Opposition leader Anthony Albanese announced Labor's Disaster Ready Fund on January 11, stating it would invest in projects such as evacuation centres, fire breaks, and telecommunications improvements.
The announcement of a dedicated mitigation fund was welcomed by IAG, the largest insurer in Australia.
"Over many years we've highlighted the importance of greater investment in mitigation initiatives to help protect communities before disasters strike and we welcome Labor's commitment to establish a fund dedicated to help achieve this," said IAG managing director and CEO, Nick Hawkins.
Federal Member for Macquarie Susan Templeman said people living in bushfire and flood-prone areas like the Blue Mountains and Hawkesbury "deserve to be protected by a federal government who plans ahead and invests to keep them safe".
The Labor MP said the Morrison Government had failed to improve resilience from bushfires and floods.
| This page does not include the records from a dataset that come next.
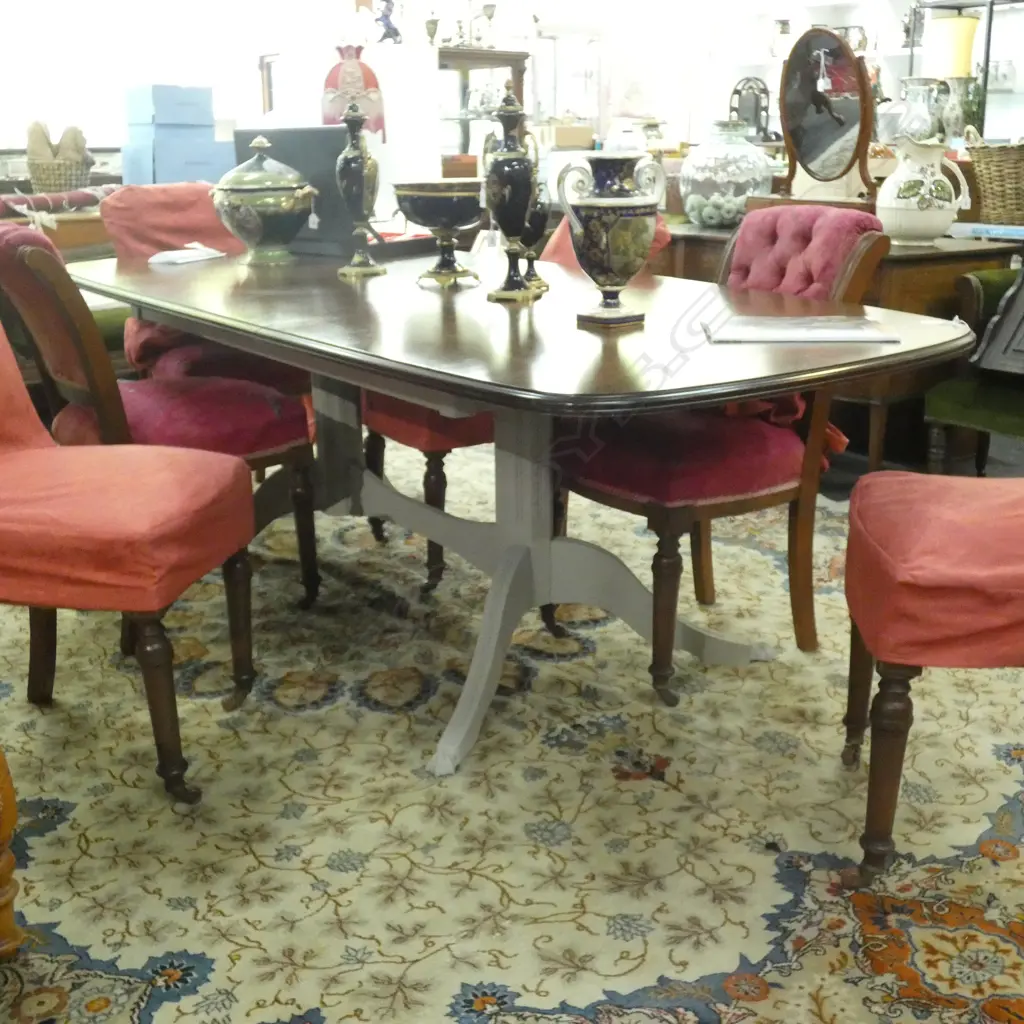 REGENCY STYLE MAHOGANY EXTENDABLE DINING TABLE GREY PAINTED LEGS  Image 1++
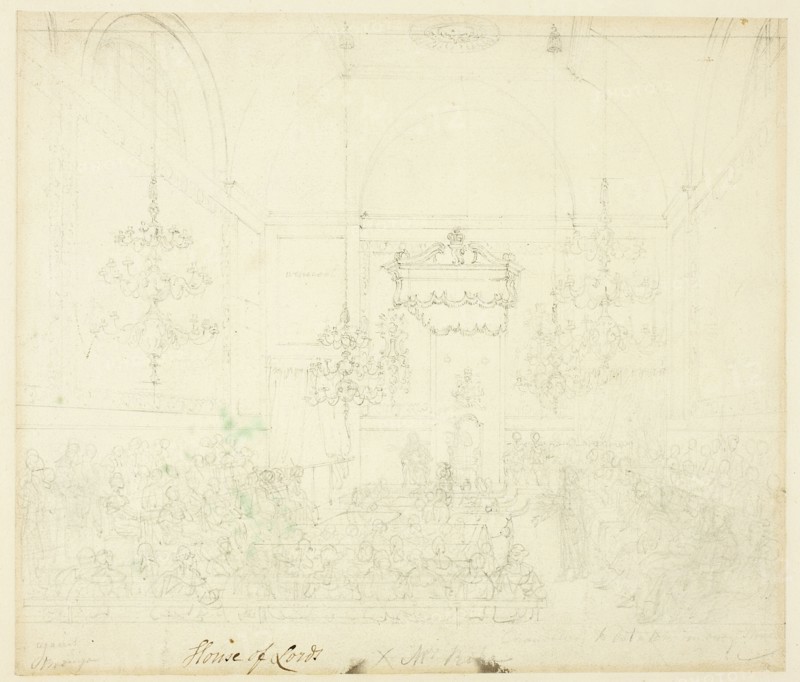 Study for House of Lords, from Microcosm of London, c. 1809.
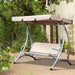 Outsunny 3-Seat Outdoor Porch Swing Chair, Patio Swing Glider with Adjustable Canopy, Breathable Seat, and Steel Frame for Garden, Poolside, Backyard, Beige - DTYStore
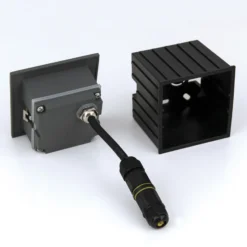 Aplique LED empotrable de Loro, antracita, ancho 8,5 cm, aluminio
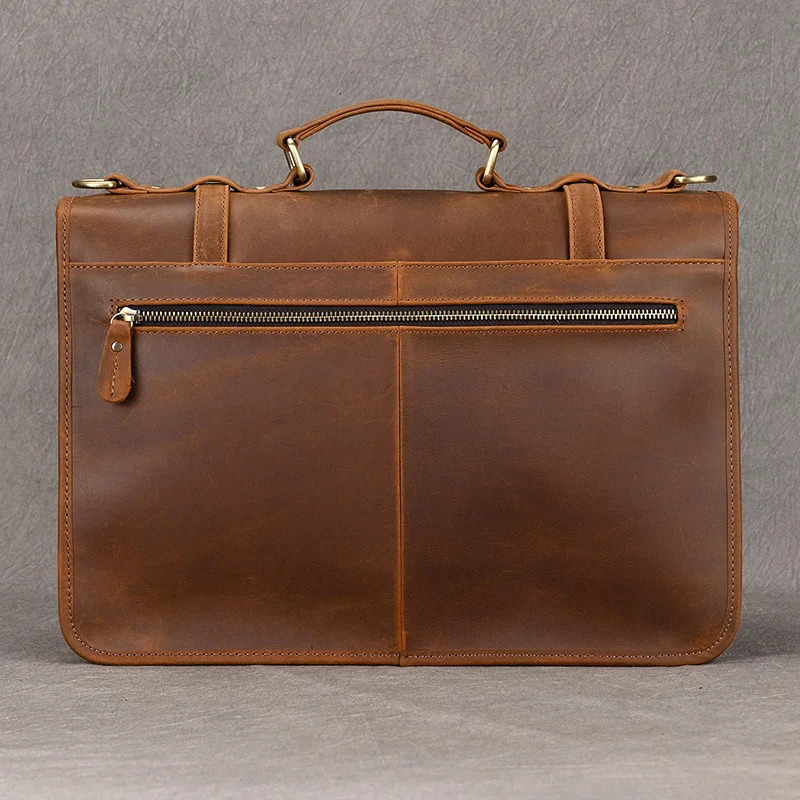 Vintage Genuine Leather Business Briefcase for Men Top-Grain Cowhide Shoulder Crossbody Messenger Bag 241225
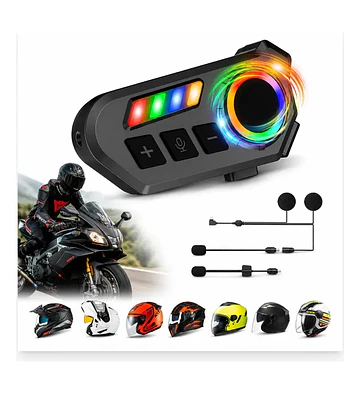 Intercomunicador Bluetooth Para Casco De Moto Con Micrófono Y Auriculares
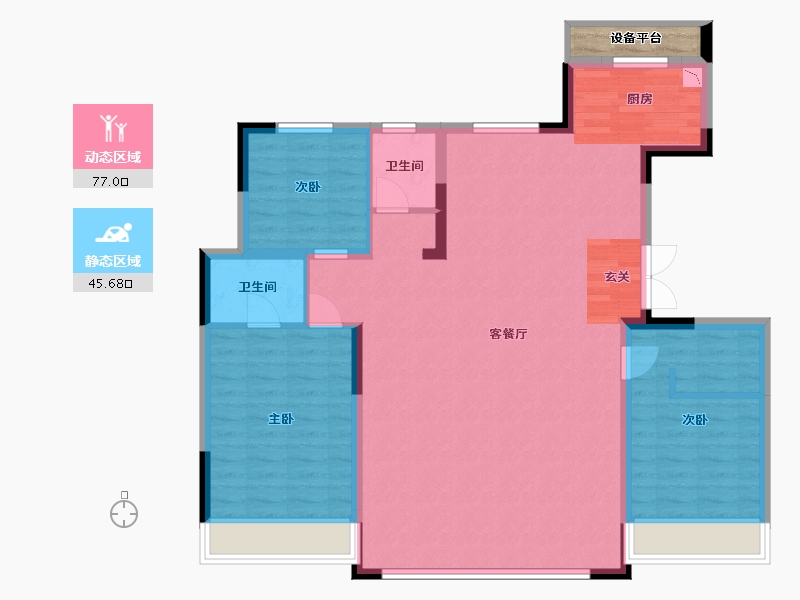 吉林省-长春市-宝裕悦兰湾・二期兰锦-114.23-户型库-动静分区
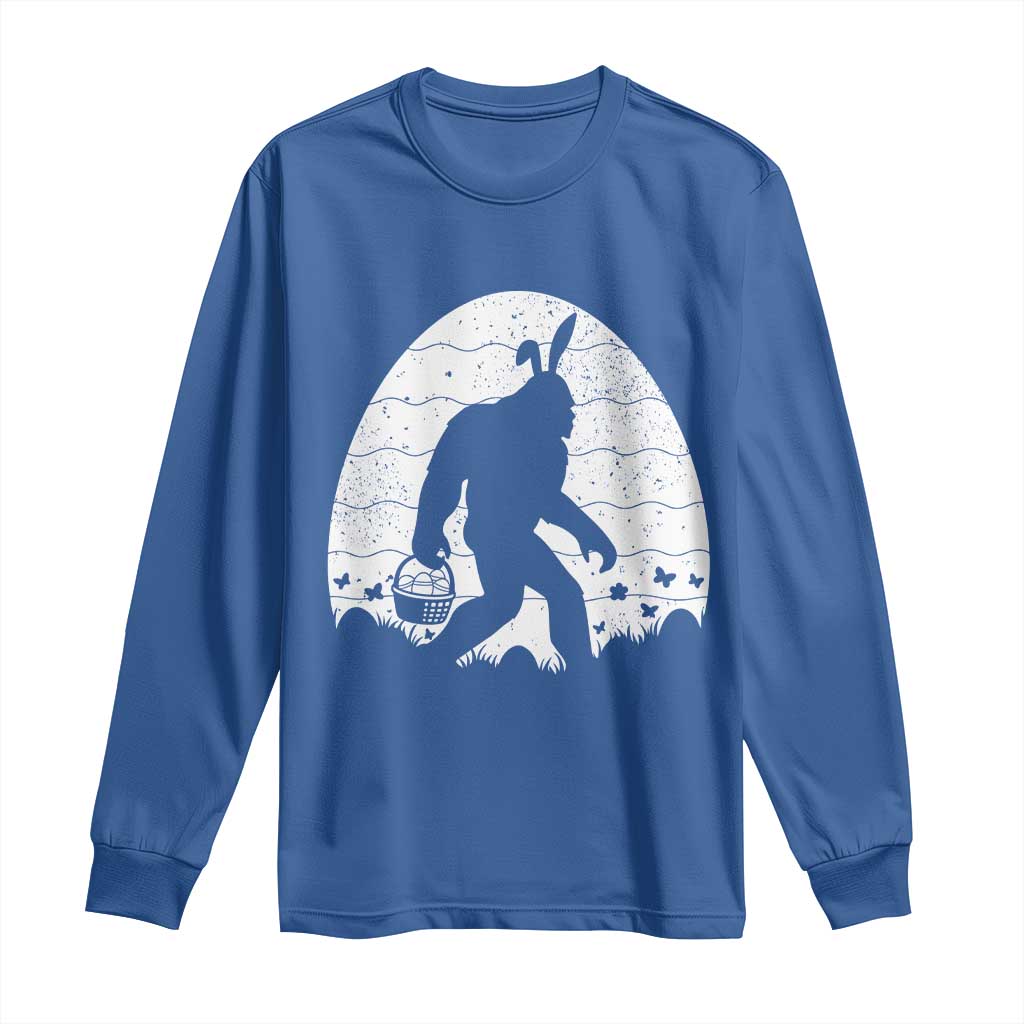 Funny Bigfot Easter Long Sleeve Shirt Sasquatch Rabbit Night Stroll Moon Egg TS14 Royal Blue Print Your Wear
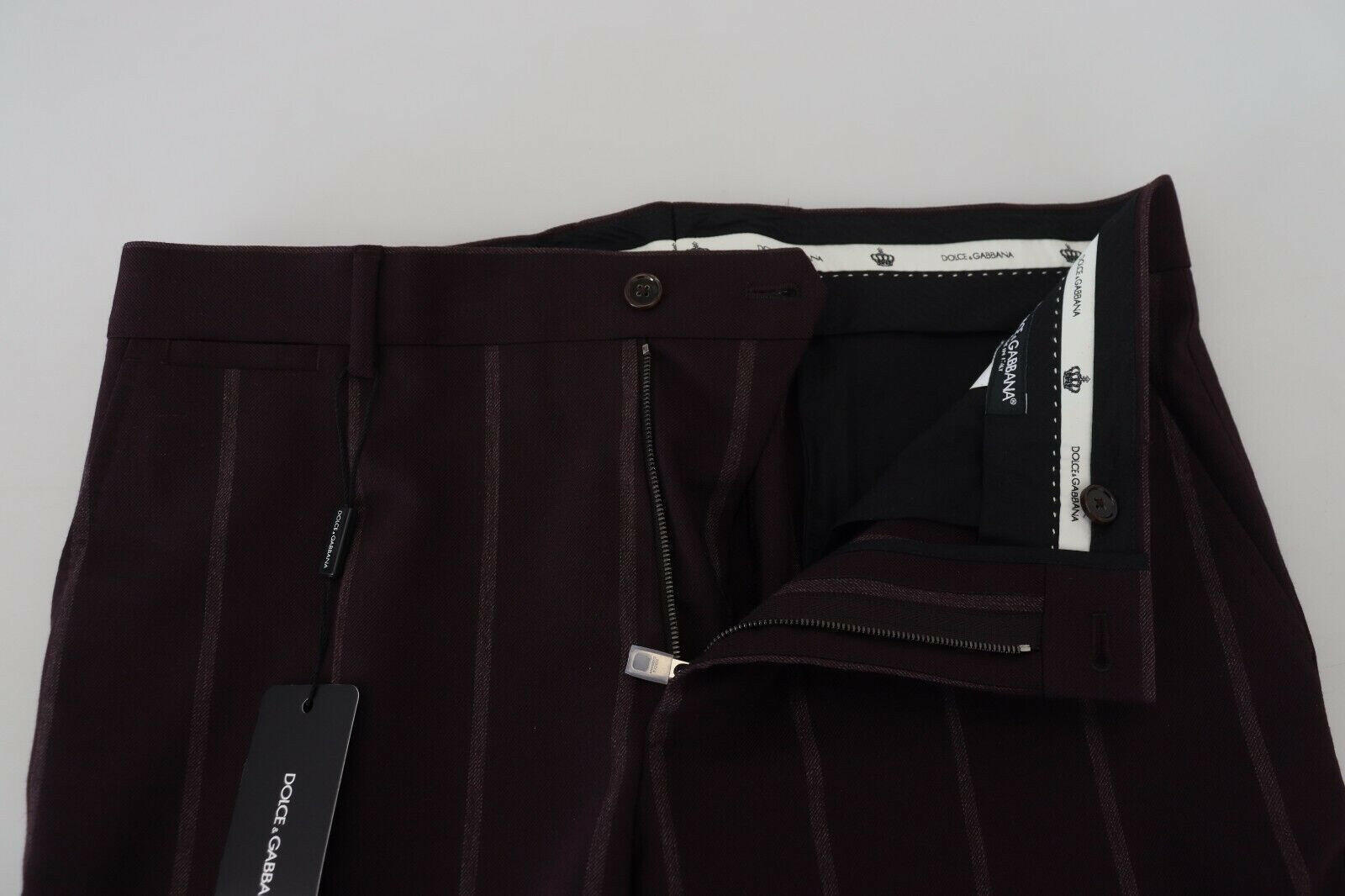 Dolce & Gabbana Brown Striped Men Trousers Cotton Pants -   -  Dolce & Gabbana.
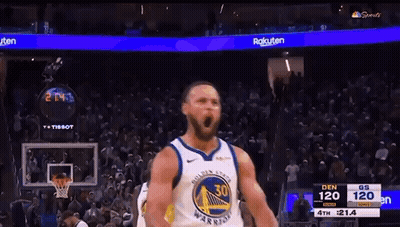 Golden State Warriors Basketball Player Stephen Curry Is Celebrating A Basket During A Game Against The Denver Nuggets . GIF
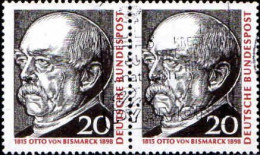 RFA Poste Obl Yv: 334 Mi:463 Otto Von Bismarck Paire (Belle Obl.mécanique) - Used Stamps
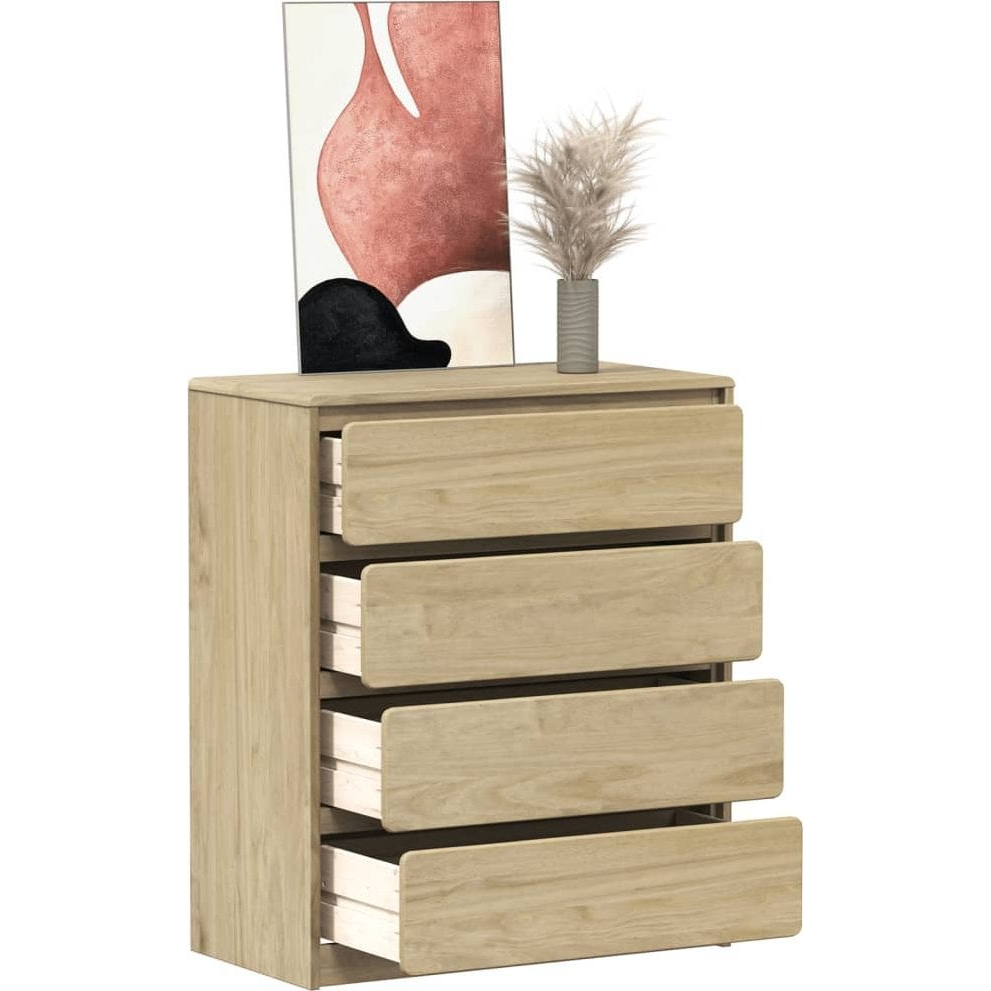 SAUDA tölgy tömör fenyőfa fiókos szekrény 76,5 x 39 x 91 cm (377595)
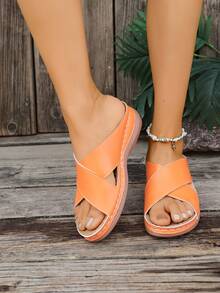 2024 Plus Size Hollow Flower Strap Flat Sandals For Women, Casual Retro Middle-Aged Slippers, Wholesale - Orange - View 2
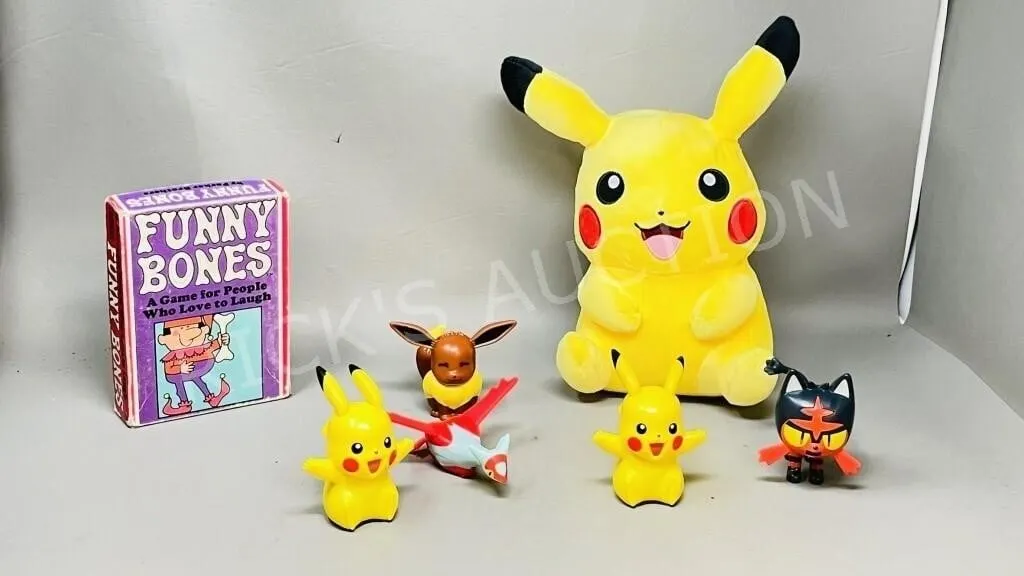 asst'd Pokemon toys/ stuffies+ funny bones game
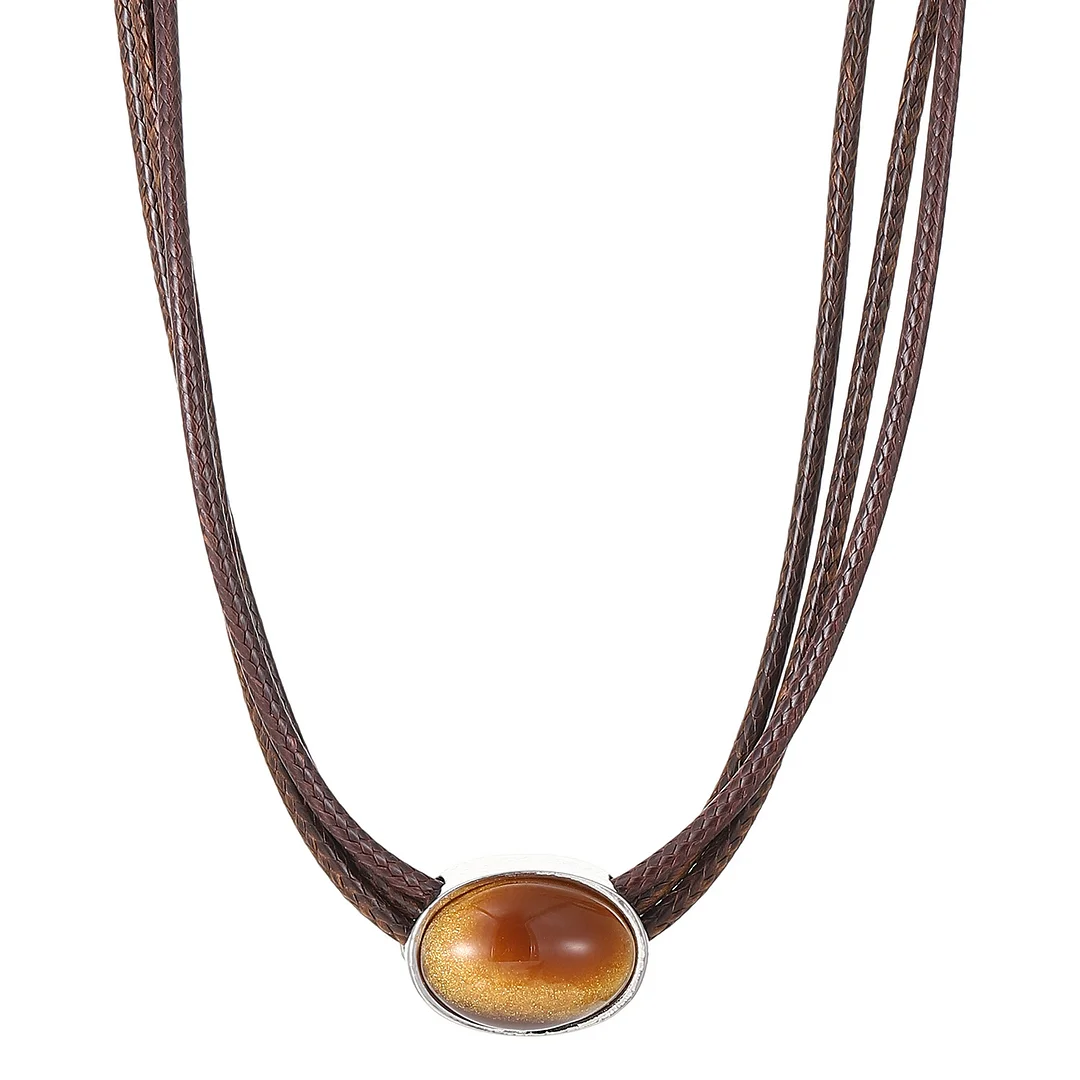 Vintage Leather Tiger's Eye Meridian Beaded Necklace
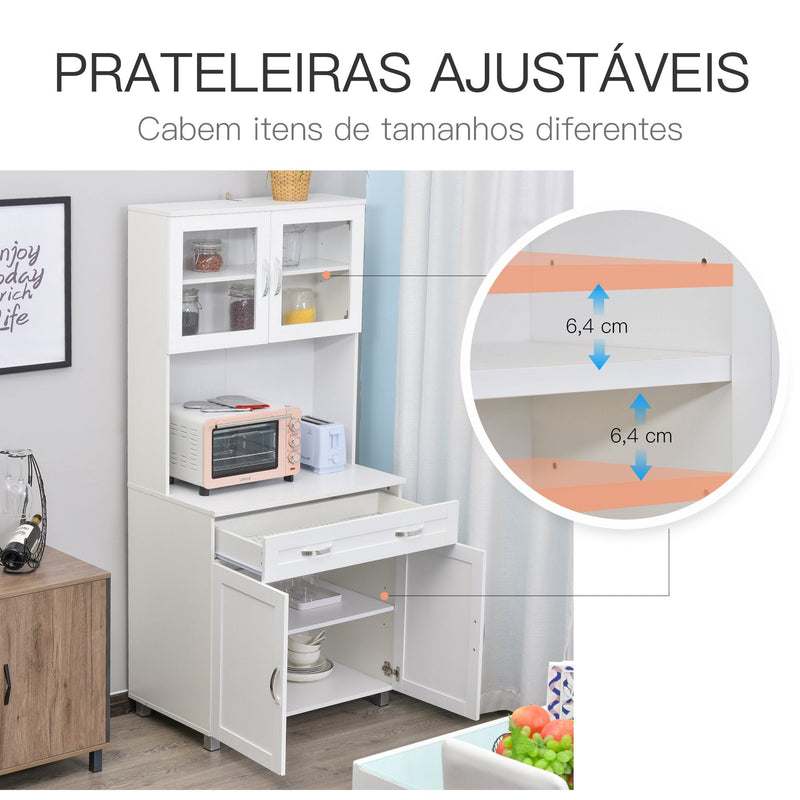 Armário de cozinha com prateleiras internas ajustáveis ??e gaveta 80x48x170 cm Branco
"The Morrison Government continues to sit on a $4.7 billion Emergency Response Fund (ERF) that, three years after it was announced, has not spent a cent on disaster recovery and has not completed a single disaster prevention project," she said
"The only thing it has done is earn the government more than $750 million in investment returns.
"Labor will revamp the failed ERF so that it spends up to $200 million per year for disaster prevention and resilience."
But Liberal Senator Marise Payne hit back strongly at the announcement, accusing Ms Templeman of "shamelessly playing politics with bushfire recovery".
"In October last year, Ms Templeman suggested the government had not invested in Indigenous fire management practices, when in fact the Dharug Ngurra Aboriginal Corporation has received over $160,000 in federal funding to work with the NSW National Parks and Wildlife Service to undertake cultural burning workshops at Yellomundee Regional Park," she said.
The foreign minister said the federal government had provided more than $12 billion to the states and territories through disaster recovery funding arrangements over the last decade.
Ms Templeman rejected the attack, which she characterised as government "spin".
"If the foreign minister thinks that the Morrison Government has delivered any significant disaster mitigation in the Blue Mountains and the Hawkesbury last two years she's deluding herself... I'll leave the Liberals to spin - I'm more interested in rolling up my sleeves and simply fighting to get what our community needs," she said.
"I fought long and hard to make sure that federal repair and recovery funding would flow through to my region, but even now we are still waiting on the government to reveal who will be the winners in the disaster preparedness fund, two years after the fires and, funnily enough, in time for an election."
Ms Templeman said she has taken a bipartisan approach to disasters in the Blue Mountains and Hawkesbury, and Senator Payne knew this.
"I'll never apologise for wanting to do more to protect my community from natural disasters that we face with increasing frequency," she said.
Under Labor's plan, funding would be matched by state or local governments, providing up to $400 million annually for investment in disaster prevention and resilience.